A must is an early morning cruise on the Daintree led by Chris Dahlberg who knows every inch of the river and its' precious eco-system. Some of the delights he frequently uncovers are the scarce Great-billed Heron, roosting Papuan Frogmouths, 4 species of Kingfisher (including the diminutive Little) and Shining Flycatchers, aswell as loafing Estuarine Crocodiles.

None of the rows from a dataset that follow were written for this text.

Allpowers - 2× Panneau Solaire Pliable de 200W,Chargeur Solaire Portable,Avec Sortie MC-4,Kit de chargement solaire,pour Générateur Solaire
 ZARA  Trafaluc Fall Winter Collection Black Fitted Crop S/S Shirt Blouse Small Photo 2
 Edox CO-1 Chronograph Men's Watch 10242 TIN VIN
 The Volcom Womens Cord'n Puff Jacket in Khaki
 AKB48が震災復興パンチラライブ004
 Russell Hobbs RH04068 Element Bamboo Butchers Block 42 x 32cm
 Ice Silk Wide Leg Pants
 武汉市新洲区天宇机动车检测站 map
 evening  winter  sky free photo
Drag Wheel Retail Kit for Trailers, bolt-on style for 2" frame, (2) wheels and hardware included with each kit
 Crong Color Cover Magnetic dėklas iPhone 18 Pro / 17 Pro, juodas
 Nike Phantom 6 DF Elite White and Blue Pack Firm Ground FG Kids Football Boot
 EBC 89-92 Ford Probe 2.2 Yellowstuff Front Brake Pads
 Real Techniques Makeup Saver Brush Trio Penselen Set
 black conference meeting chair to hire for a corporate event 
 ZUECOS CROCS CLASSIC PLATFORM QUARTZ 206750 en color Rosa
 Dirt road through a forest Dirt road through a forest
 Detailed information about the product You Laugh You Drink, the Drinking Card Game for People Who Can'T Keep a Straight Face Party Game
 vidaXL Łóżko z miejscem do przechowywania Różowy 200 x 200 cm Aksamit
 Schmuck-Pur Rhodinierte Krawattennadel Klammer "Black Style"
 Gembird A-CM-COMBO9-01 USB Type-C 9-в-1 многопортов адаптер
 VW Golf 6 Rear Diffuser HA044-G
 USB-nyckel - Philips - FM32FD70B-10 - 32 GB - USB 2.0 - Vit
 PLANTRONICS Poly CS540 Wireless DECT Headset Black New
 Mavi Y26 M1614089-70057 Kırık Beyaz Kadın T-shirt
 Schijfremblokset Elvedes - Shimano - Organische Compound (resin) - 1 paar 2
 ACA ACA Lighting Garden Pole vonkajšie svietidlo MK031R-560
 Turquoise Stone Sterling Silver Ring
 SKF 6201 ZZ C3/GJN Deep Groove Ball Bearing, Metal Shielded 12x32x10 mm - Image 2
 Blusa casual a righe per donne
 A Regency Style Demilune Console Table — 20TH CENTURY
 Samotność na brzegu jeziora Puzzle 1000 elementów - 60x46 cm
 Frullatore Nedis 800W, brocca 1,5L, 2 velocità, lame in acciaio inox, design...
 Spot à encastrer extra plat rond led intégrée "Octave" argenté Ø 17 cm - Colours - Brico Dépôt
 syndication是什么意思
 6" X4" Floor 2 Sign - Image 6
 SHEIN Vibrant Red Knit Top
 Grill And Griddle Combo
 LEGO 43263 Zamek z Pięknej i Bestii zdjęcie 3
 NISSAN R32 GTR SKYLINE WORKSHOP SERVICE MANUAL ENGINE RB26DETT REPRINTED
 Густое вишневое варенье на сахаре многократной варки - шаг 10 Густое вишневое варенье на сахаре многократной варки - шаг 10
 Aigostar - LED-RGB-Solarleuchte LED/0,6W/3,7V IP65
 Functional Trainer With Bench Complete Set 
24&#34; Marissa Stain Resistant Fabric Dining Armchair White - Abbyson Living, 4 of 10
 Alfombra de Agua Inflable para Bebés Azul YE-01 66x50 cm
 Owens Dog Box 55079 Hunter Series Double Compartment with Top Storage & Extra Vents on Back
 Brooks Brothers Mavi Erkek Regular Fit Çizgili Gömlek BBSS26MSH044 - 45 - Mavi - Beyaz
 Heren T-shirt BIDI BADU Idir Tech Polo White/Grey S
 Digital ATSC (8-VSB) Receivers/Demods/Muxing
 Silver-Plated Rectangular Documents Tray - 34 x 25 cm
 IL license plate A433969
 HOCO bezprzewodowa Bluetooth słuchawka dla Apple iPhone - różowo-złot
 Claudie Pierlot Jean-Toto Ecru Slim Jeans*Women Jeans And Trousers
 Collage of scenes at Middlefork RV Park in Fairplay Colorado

Moving inland, Kingfisher Park Birdwatchers Lodge in Julatten is an essential birdwatching spot. It is central to several great birding areas and is completely geared for naturalists - the feeding stations are alive with honeyeaters, firetails, robins and lorikeets, there is an orchard to explore and a stream which is home to Duck-billed Platypus. Nearby, if you manage to drive, hitch or walk up the basic Mount Lewis road (note:it is sometimes inpassable) and you have good information you will come across many rainforest specialities. Three species of Bowerbird (Golden, Satin and Tooth-billed build their intricate bowers and expect to find Chowchillas, White's Thrush, Fernwren and possibly a Southern Cassowary on the forest floor and Victoria's Riflebird, Eastern Spinebill, Yellow-breasted Boatbill and Bridled Honeyeater amongst the canopy. Two endemics to the area - Atherton Scrubwren and Mountain Thornbill - are easily seen in the scrub and lower-storey. It is also reportedly the most reliable site in Australia for the Asian Blue-faced Parrot Finch. [Want to find out more about Kingfisher Park ? - click here]
Going 'out-bush', Mount Molloy has Great Bowerbirds and Square-tailed Kite around the bakery; at Mount Carbine a large population of Australian Bustards grace the rough paddocks and Apostlebirds, Galahs and Red-winged Parrots gather to roost around the village. Heading south, Lake Mitchell is full of waterbirds and one of its' feeder streams, Big Mitchell Creek, is a stake-out for the shy and skulking White-browed Robin. Careful exploration of the dry grassland, agricultural areas and waterfalls of Mareeba is your best chance of seeing species such as Black-throated Finch, Wedge-tailed Eagle, Squatter Pigeon and Rufous Owl.

Atherton Tablelands:

Lying to the south-west of Cairns, the Tablelands are another close-knit patchwork of habitats. Lake Eacham, Crater National Park and the spectacular-looking Cathedral Fig Tree all provide excellent upland rainforest birding; Lake Tinaroo holds small numbers of the exquisite Pink-eared Duck (part Marbled Duck, part Shoveler with a fluorescent pink spot on the ear coverts);

Hasties Swamp, Atherton Tablelands

Hasties Swamp has standing room only for the thousands of Plumed Whistling Ducks and Magpie Geese, and hundreds of Brolga and Sarus Cranes spend the day feeding in the farmland before pouring into roost on Bromfield Crater against dramatic sunsets.

Brolga and Sarus Cranes coming into roost at duck on Bromfield Crater, Atherton Tablelands

Whatever you decide to do here, I guarantee a trip to this area of outstanding beauty will blow you away, mate!